Francis discusses in Goodbye to all that, the problems of NATFHE under Mrs. Thatcher when she decreed that all FE institutions should become
independent, compete with each other, the weakest to go to the wall, ‘failed’ Colleges to be closed and national finances to be entirely relieved
of any expenditure by Colleges charging their ‘customers’ for their ’services’.

But Francis does not mention the only College that was ever closed, Bilston Community College (BCC), which was the first multi-cultural, open access College in Britain.

Francis will remember that I wrote to him at the time suggesting that if he wanted a story that would run and run he ought to take up the case of Bilston Community College. This he declined to do, but today with the Friends of Bilston Community College appeal under the Freedom of Information Act heard by the DfES Governance and Organisation team refusing to release the information they have gleaned on the grounds of cost, it is clear that Bilston Community College was improperly closed.

BCC was a Socialist College set up by the local authority of Wolverhampton, and for the racists and reactionaries it was seen  as a College to be closed by fair means or foul and so the blatant illegalities of David Blunkett the Minister, David Melville director of the Further Education Funding Council, later endorsed by the equally racist Learning and Skills Council.

And this, after the blatant illegalities of the local people without whom the College could not have been closed;  of the former Vice-Chancellor of
Wolverhampton University who threatened me, the Spokesman of the Friends of Bilston Community College, with legal proceedings unless I desisted from opposing the closure of of the College.

Other improprieties have been Tony Blair’s support for so-called super-head Geoffrey Hampton who was later knighted; the protection by the Ministry for Education and Skills of Jane Williams, former head of the College that replaced BCC, from charges of racism against her which have still not been
heard; the denial to the Friends of two of the three main education journals, namely Education Guardian and NATFHE’s organ The Lecturer space to
argue their case; Sir Geoffrey Hampton’s (now Dean of Education at Wolverhampton University) insistence that Jane Williams should be given an honorary degree this year, and her presumption in turning up to accept it, all these things suggest that the Friends take their criticism a stage further.

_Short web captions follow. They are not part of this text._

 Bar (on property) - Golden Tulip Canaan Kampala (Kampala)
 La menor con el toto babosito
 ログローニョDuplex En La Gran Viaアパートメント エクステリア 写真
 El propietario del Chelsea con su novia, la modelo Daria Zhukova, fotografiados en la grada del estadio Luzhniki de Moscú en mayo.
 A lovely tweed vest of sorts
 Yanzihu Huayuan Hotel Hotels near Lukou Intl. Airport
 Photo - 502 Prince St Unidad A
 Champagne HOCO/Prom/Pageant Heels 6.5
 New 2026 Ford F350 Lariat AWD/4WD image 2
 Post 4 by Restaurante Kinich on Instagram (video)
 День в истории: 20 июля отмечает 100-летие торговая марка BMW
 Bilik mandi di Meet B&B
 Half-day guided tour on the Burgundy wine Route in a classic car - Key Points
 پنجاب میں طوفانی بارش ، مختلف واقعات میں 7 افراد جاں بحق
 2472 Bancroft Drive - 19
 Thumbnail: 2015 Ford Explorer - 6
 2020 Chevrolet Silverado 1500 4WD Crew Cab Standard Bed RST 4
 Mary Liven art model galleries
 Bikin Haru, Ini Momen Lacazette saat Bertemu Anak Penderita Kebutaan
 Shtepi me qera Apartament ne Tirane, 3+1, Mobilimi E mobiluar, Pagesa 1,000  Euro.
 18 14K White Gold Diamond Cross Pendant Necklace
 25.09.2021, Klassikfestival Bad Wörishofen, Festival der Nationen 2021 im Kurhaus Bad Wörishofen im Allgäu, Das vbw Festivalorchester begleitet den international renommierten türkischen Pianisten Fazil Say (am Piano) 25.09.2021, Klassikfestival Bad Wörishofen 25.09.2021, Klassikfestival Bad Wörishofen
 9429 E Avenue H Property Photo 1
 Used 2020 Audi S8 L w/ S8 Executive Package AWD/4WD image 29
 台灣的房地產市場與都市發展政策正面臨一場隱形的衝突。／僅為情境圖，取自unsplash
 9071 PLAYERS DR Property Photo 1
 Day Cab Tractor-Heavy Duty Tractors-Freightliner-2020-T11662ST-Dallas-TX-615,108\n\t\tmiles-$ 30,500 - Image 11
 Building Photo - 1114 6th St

This stage must be prosecution of those who have denied the poor and ethnic minorities of educational opportunities for all these years and seeking large sums in damages for reputaions destroyed and careers blighted. These damages to be devoted not to personal gain, but to further funding a
restored Bilston Community College.

Francis essays something of a history of NATFHE from the time he met Paula Lanning in the 1970s and stresses the important role of Paul Mackney in negotiating the merger with the AUT. I agree with this and sympathise with Paul suffering from a stroke and his firmness in his opposition to Tony
Blair’s war in Iraq. May the new University and College Union flourish in its fight for peace and an educational system controlled by local people.